Fix unnecessary AD restarts caused by enabling service monitor
This issue affects multiple customers. The AD monitoring feature can stop or restart active directory unnecessarily. This is usually caused by DNS misconfigurations or domain controllers being temporarily taken down for maintenance. Not every problem with AD monitoring is obviously connected to DNS. I have one ticket in which "service ix-kinit status" is failing. At this point it is unclear whether this is caused by a change in the customer's environment or is a bug in AD monitoring.

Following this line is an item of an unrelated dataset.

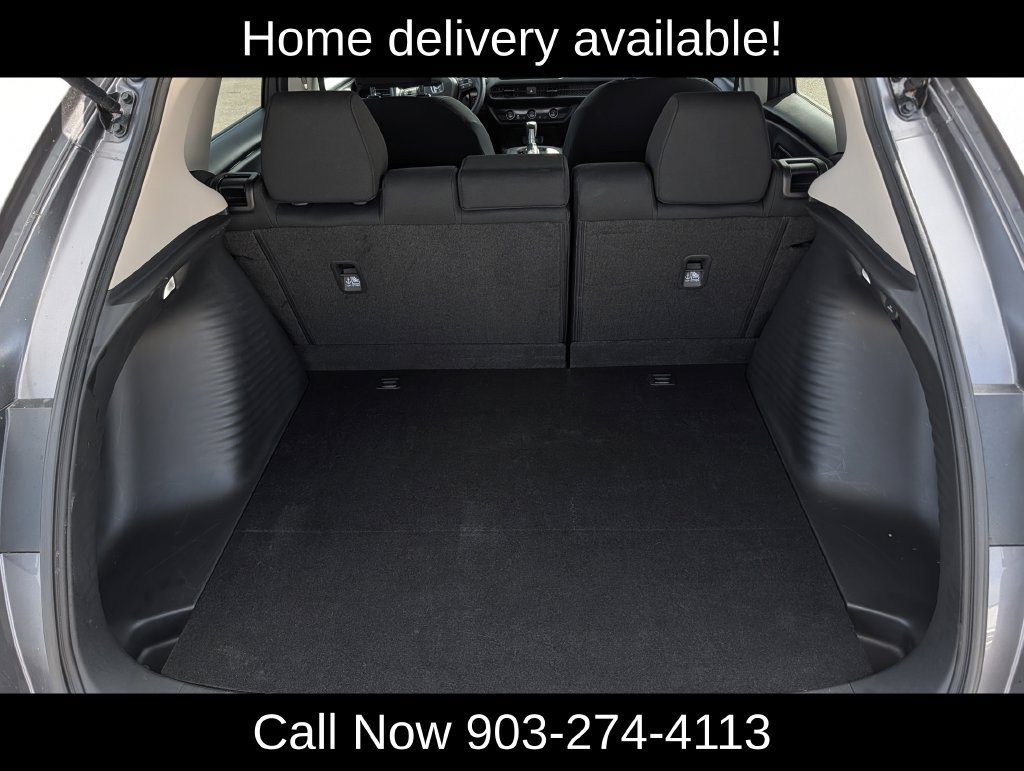 Used 2027 Honda HR-V LX image 30
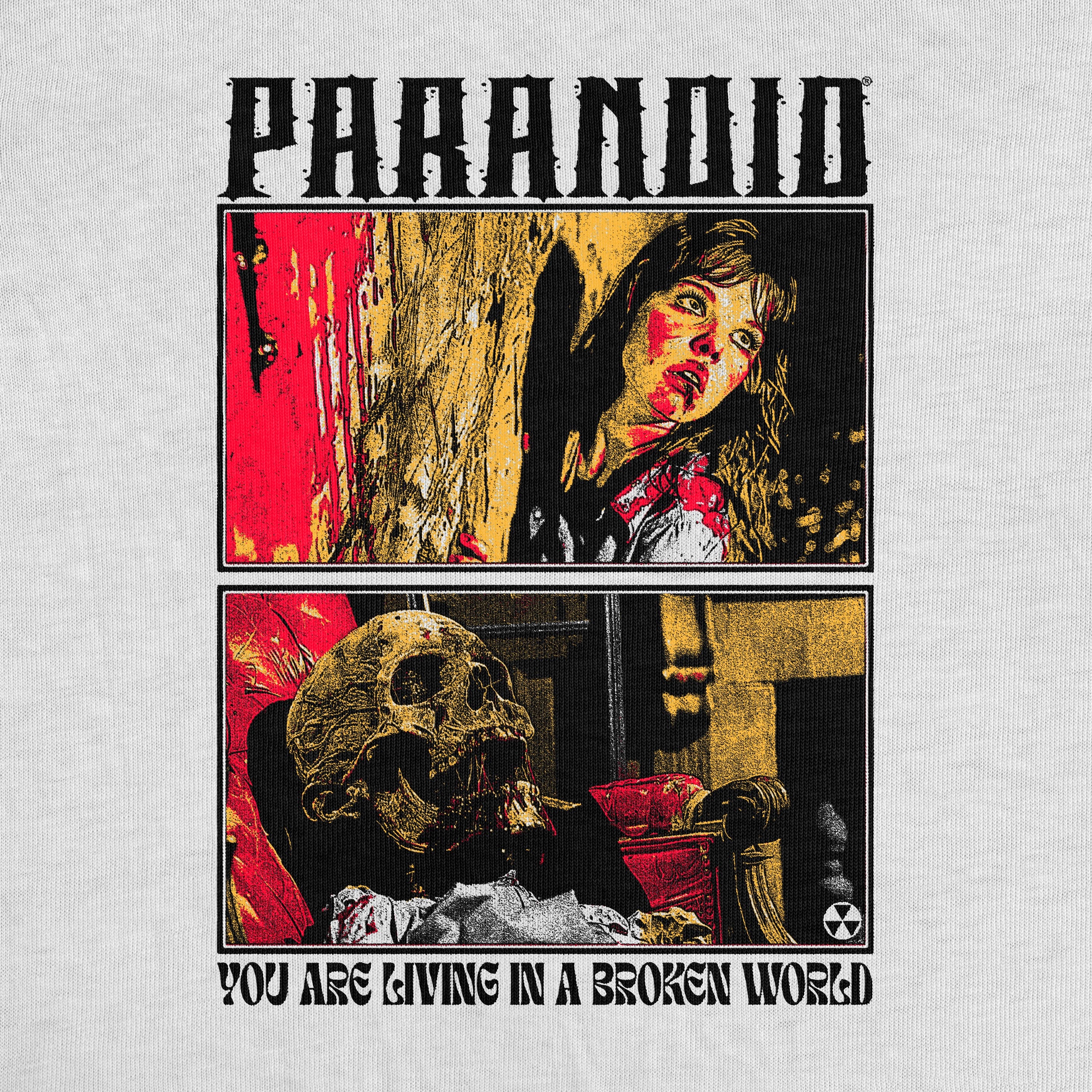 PARANOID PICTURES PREMIUM LONG SLEEVE T-SHIRT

Regardless, this leads to service outages when one would perhaps not have happened if monitoring were disabled.
I think we need to either:
(1) Improve the tests we're performing for "connected" and "started". Examples being:
--(a) use DNS SRV records to identify a list of domain controllers for the domain, then try to connect to all of them and only fail if they all fail.
--(b) review tests that we're using to determine whether AD is "started". Do we really need to perform "service ix-kinit status" and "service ix-activedirectory status"? Perhaps "wbinfo -p" and "wbinfo -t" are sufficient in this case. Is a 1 second sleep between tests too short?
(2) Validate the state of the domain prior to enabling monitoring. For instance:
--(a) Don't allow it to turn on if DNS is obviously misconfigured.
(3) Introduce an easy way to temporarily disable AD monitoring without restarting the AD service, so that administrators can take steps to ensure they don't experience an outage while performing maintenance on DCs.